Raw data is analysed using batch processing, but batch processing is slow and the lab plans to investigate ways to allow researchers to tap into larger pools of data and query that data more rapidly. In doing so the lab will be a testbed for future big data technologies for its private partners HP, Huawei, Intel, Oracle, and Siemens, all of whom work with Cern on the openlab research project.

“As the amount of data continues to grow we have to keep trying to optimise the rate at which we can process the data,” said Bob Jones, Cern’s head of openlab.

“If Cern shows what works, and we publish that information with HP, Oracle, Intel, Siemens or Huawei, then that’s beneficial to their other customers and to other business sectors as well.”

The lab plans to study ways that it could place more data from its experiments in both relational databases and data stores based on NoSQL technologies, such as Hadoop and Dynamo in Amazon’s S3’s cloud storage service.

NoSQL technologies are well-suited to scaling out data – to distributing it across many different server clusters – without the problems of increased data management complexity that affects relational databases. Cern also favours off-the-shelf computers in its IT estate, and NoSQL tech works well with clusters of cheap commodity servers.

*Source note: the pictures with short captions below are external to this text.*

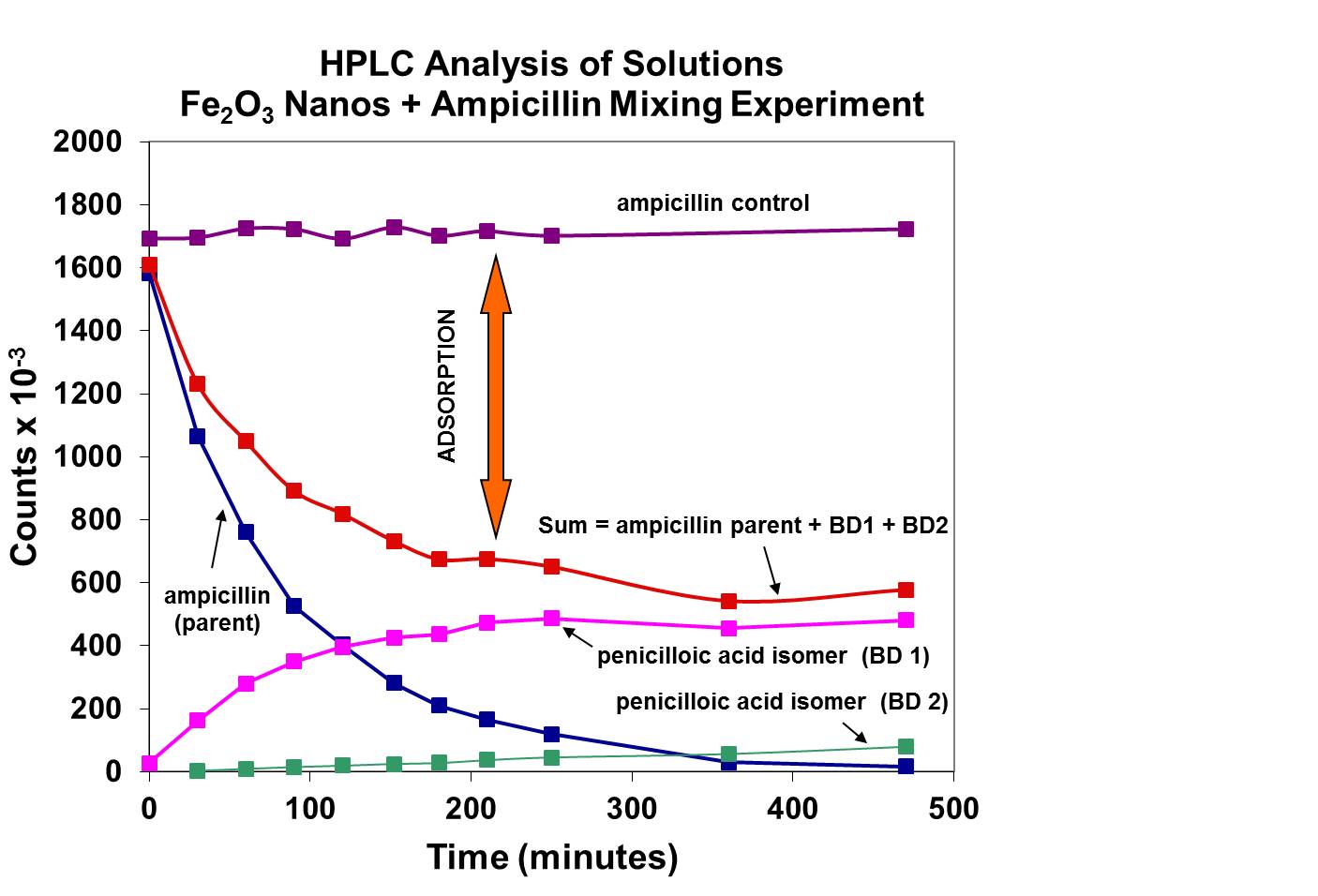 Graph showing decrease in ampicillin over time when mixed with iron oxide nanoparticles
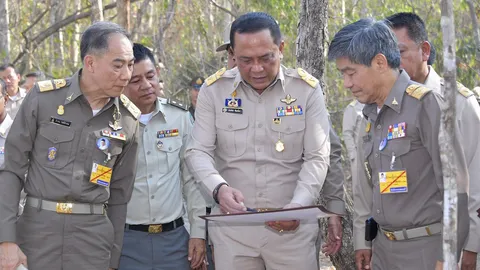 พระราชดำริพัฒนาลุ่มน้ำโขง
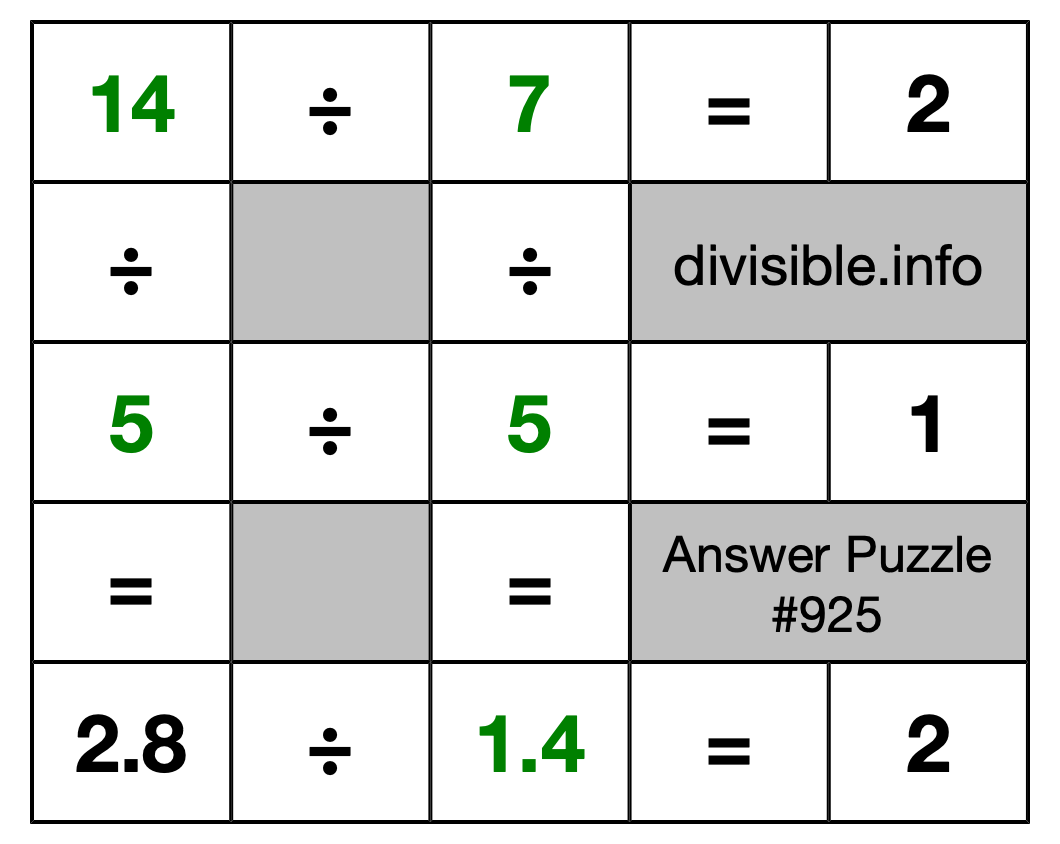 Solution to Division Puzzle #925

“The sort of things we’re looking at are – can we use the links between the data in an Oracle database to extract it and put it in to some other environment, do some Hadoop-style processing and use some business logic on that data and then shift the results back into Oracle,” he said.

As Cern tries to find more efficient ways of handling big data it will factor in the continuing evolution in computer hardware, particularly the prediction that data centres that can carry out more than one billion, billion calculations per second will exist within five years and the advent of cheap cloud storage services such as Amazon S3.

“One of the question we are looking at is ‘Imagine you had an infinite amount of compute capacity’. What would you change in your programming model? Would you continue to throw away quite so much data?,” Jones said.

“If we can explore that with our partners they can see what are the potential avenues that ought to be explored, and what are the potential barriers they are going to have to overcome,” he said, adding that he anticipates the main difficulties in running exascale data centre will be providing enough power and moving data in and out of servers rapidly enough to avoid creating a bottleneck.

Cern recently struck a deal to expand its 65,000 processor core and 30 PB core computer centre by building an additional data centre in Hungary that will add 20,000 cores and 5.5PB of storage.

Much of the analysis of the data generated by Cern’s experiments is carried out by a network of more than 150 computing centres in the Worldwide LHC Computing Grid (WLCG). The WCLG puts some 150,000 processors at Cern’s disposal but the research institute is examining whether it could double that number by turning to cloud computing.